BI Intelligence, meanwhile, says the top 500 retailers earned an estimated US$6.5 billion from social shopping in 2017.

The power of social media combined with e-commerce is also highlighted by the recent US$62 million in series C funding raised by London-based social shopping marketplace Depop. The Gen-Z-focused fashion marketplace app, which has been likened to ‘eBay and Instagram having a baby’, has more than 13 million users in 147 countries.

The initiatives all seek to remove pain points from the customer buying journey.

Snapchat shoppingThe platforms have been pushing to shorten the customer buying journey, providing ‘shoppable’ posts.

Instagram has integrated a native payment feature into its mobile app, so users can shop from within the app.

Snapchat has been proactive too. Its visual search feature, which launched in the US last September, lets users identify products via their camera or in images sent by other users and prompts a listing of products from Amazon’s inventory. But even before that it has launched its own shoppable posts offering.

This month Amazon announced its StyleSnap feature, added to the Amazon app, allowing users to upload a photo or screenshot of a fashion look they like, and again be presented recommendations for similar items on Amazon. (Asos has had a similar offering for a couple of years.) StyleSnap is a play to attract social media influencers and the people who follow them. Influencers who are part of the Amazon Influencer Program will receive commissions for purchases they inspire.

Facebook, meanwhile, has Marketplace.

The initiatives all seek to remove pain points from the customer buying journey, with shopping cart abandonment reports suggesting around 75 percent of eCommerce sales are abandoned before checkout.

Victoria University of Wellington’s Michael Daubs and Vincent Manzerolle recently noted that “One of the overarching logics of modern digital platforms is to act as a two-sided marketplace in which users are not only sold to advertisers but also able to engage in interwoven monetary and non-monetary transactions in an ever-increasing array of contexts.”

They say Snapchat and Instagram represent a beach head allowing market transactions to be seamlessly embedded in everyday life – a key element of digial platform companies’ long-term growth strategies.
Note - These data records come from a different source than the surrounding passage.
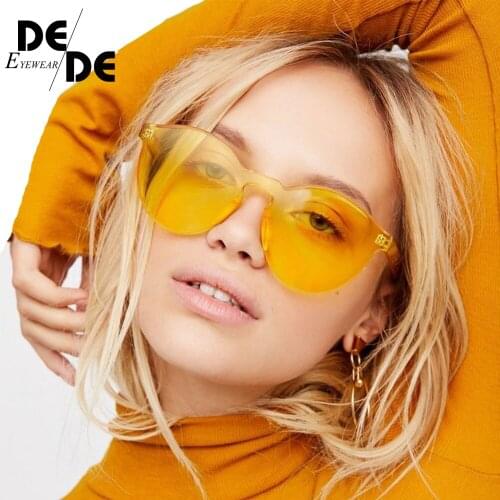 Summer Rimless Sunglasses Women Brand Designer Transparent Shades Sun Glasses Cool Color UV400 Oculos De Sol gafas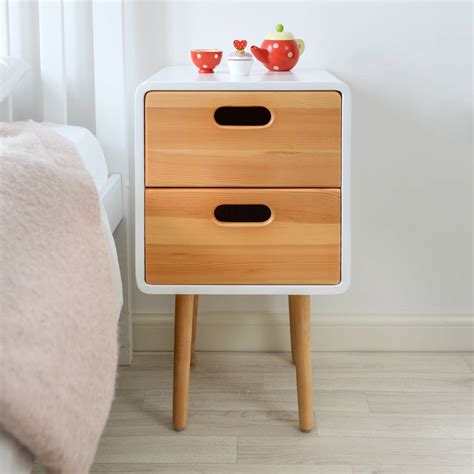 childrens solid wood bedside table  white finish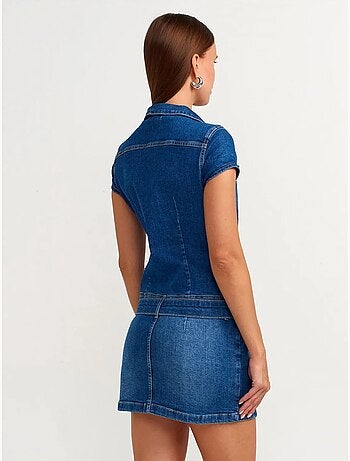 Robe courte en denim avec ceinture dilvin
Hootsuite says video in particular is proving a critical bridge for social commerce. It highlights the examples of L’Oreal using WeChat livestream shopping, where hosts use live social videos to showcase products you can buy while watching, during the Cannes Film Festival.

Buy buttons, on the other hand, are deemed something of a ‘false start’ for social commerce.

So how can companies start incorporating social commerce into their business?

Hootsuite’s tips include setting up shoppable Instagram posts – something that requires you to have an approved business profile on Instagram first. Your product catalogue can then be added to Facebook with Shopify or BigCommerce.

Sharing high-quality images and videos of your products in action, and using contests on Instagram to promote your products are also among Hootsuite’s recommendations.

And when you want to go ‘pro’ there’s the opportunity to leverage user-generated content from micro-influencers, create a video series, livestream product demos and experiment with augmented reality to showcase your offerings in real-life scenarios.